If there is no stipulated interest in the loan contract but the interest is actually paid, the court will first analyze it based on the content of the loan contract, secondly analyze it based on the actual interest paid, and thirdly analyze it based on the actual current interest rate standard. The analysis needs to explain and analyze how the court determined from the following three aspects.
1. Analyze based on the content of the loan contract
First, analyze based on the content of the loan contract. This is a very necessary method, because the loan contract content will have some specific contents. The agreement mainly stipulates a specific loan matter, the responsibilities and obligations that both parties to the loan should fulfill, and the effective date of the contract and the specific date of signing, etc. These are important information that can help the judge understand the loan more intuitively. Whether the contract is legal and compliant.
Second, analyze based on the actual interest paid
Secondly, analyze based on the actual interest paid, because in the current situation, although there is no specific interest agreement, the lender has Pay the corresponding interest. This situation is very rare. It is necessary to analyze the specific interest repayment by the lender. If it falls within a normal range, the lender should be allowed to repay it. However, if the interest on the loan is too high, it should be protected. Lender's interests.

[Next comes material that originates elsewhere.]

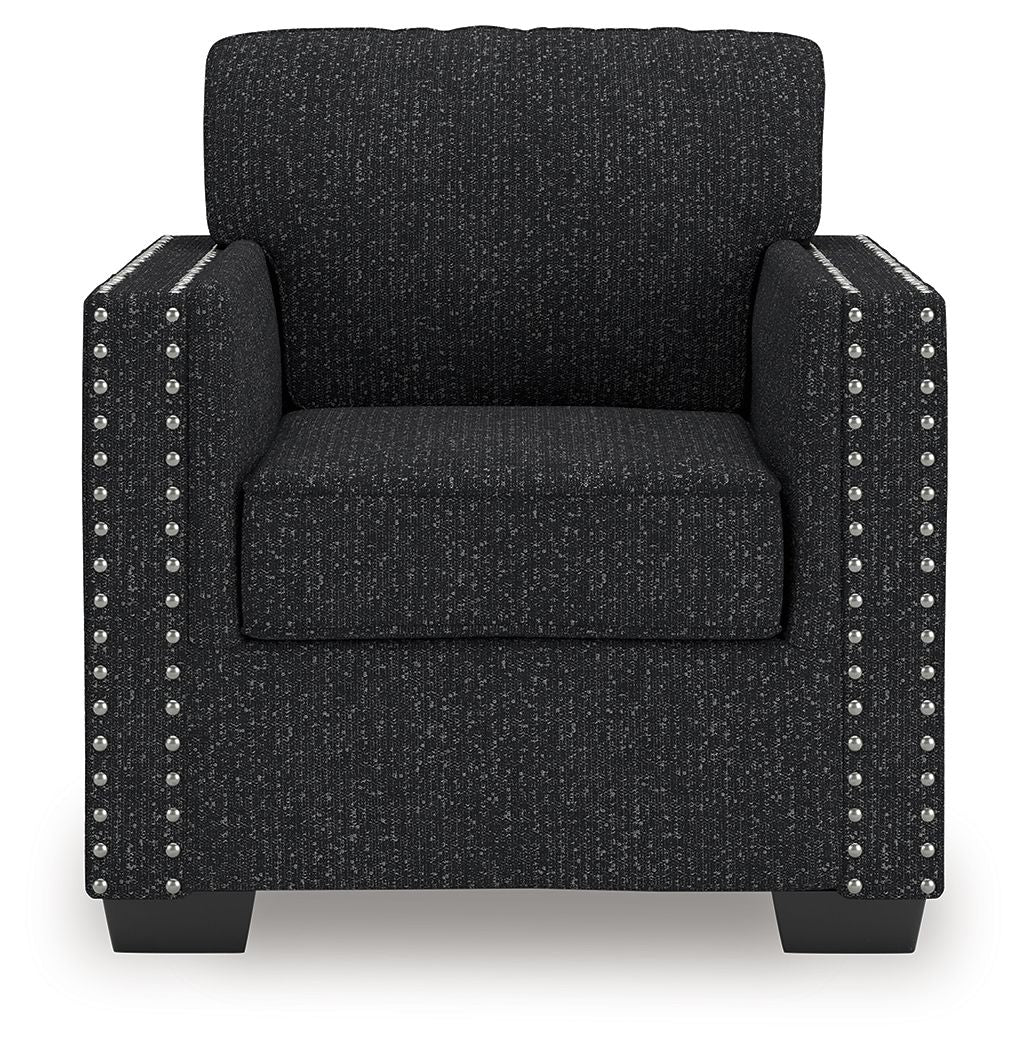 Jasmine Peaks - Living Room Set - Hornell Furniture Outlet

3. Analyze based on the actual current interest rate standard
In addition, it is also very important to analyze the corresponding situation based on the actual current interest rate standard. If the borrower repays If the interest rate is too high, it falls into the category of loan sharking, so it needs to be dealt with and the corresponding lender should pay the legal price. This is very important for safeguarding the interests of the lender, because he has fallen into a loan situation. trap.
Things that the court should pay attention to:
The corresponding situation should be analyzed in detail based on the loan contract. If it falls within the scope of usurious interest, it should promptly help the borrower to defend his legal rights. , and make the corresponding lender pay corresponding legal costs.